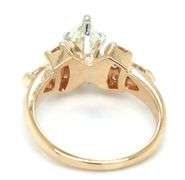 14kt Yellow gold 1ctw marquise and 0.60ctw PS and round side engagement ring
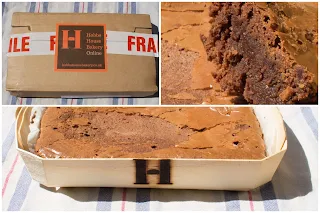 A wooden tray with an H on for Hobbs House Bakery containing a chocolate brownie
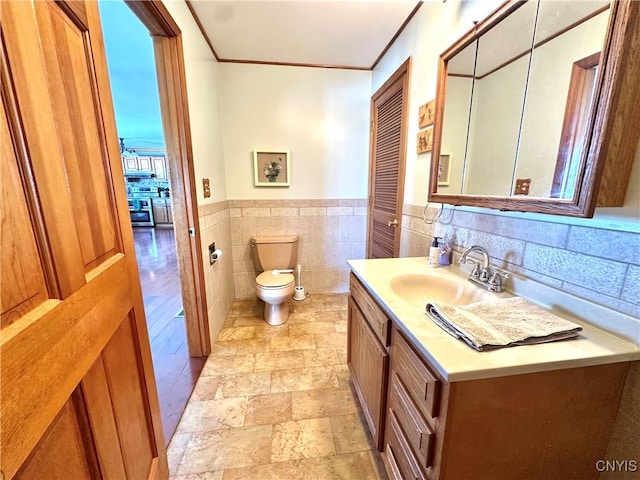 bathroom with toilet, vanity, wainscoting, stone finish floor, and crown molding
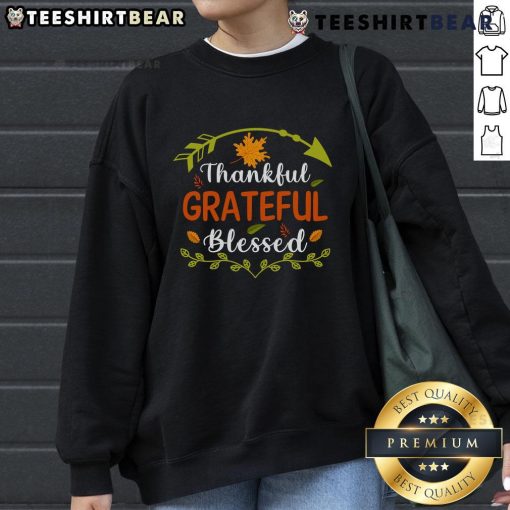 Alt Text: Cozy sweatshirt with Thankful, Grateful, Blessed design, perfect for Thanksgiving celebrations and festive attire.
◇ ◇ ◇
EXERCISE DIRECTIONS:
Output the material above word for word. Leave out its images.

FINAL ANSWER:
 14kt Yellow gold 1ctw marquise and 0.60ctw PS and round side engagement ring
 A wooden tray with an H on for Hobbs House Bakery containing a chocolate brownie
 bathroom with toilet, vanity, wainscoting, stone finish floor, and crown molding
 Alt Text: Cozy sweatshirt with Thankful, Grateful, Blessed design, perfect for Thanksgiving celebrations and festive attire.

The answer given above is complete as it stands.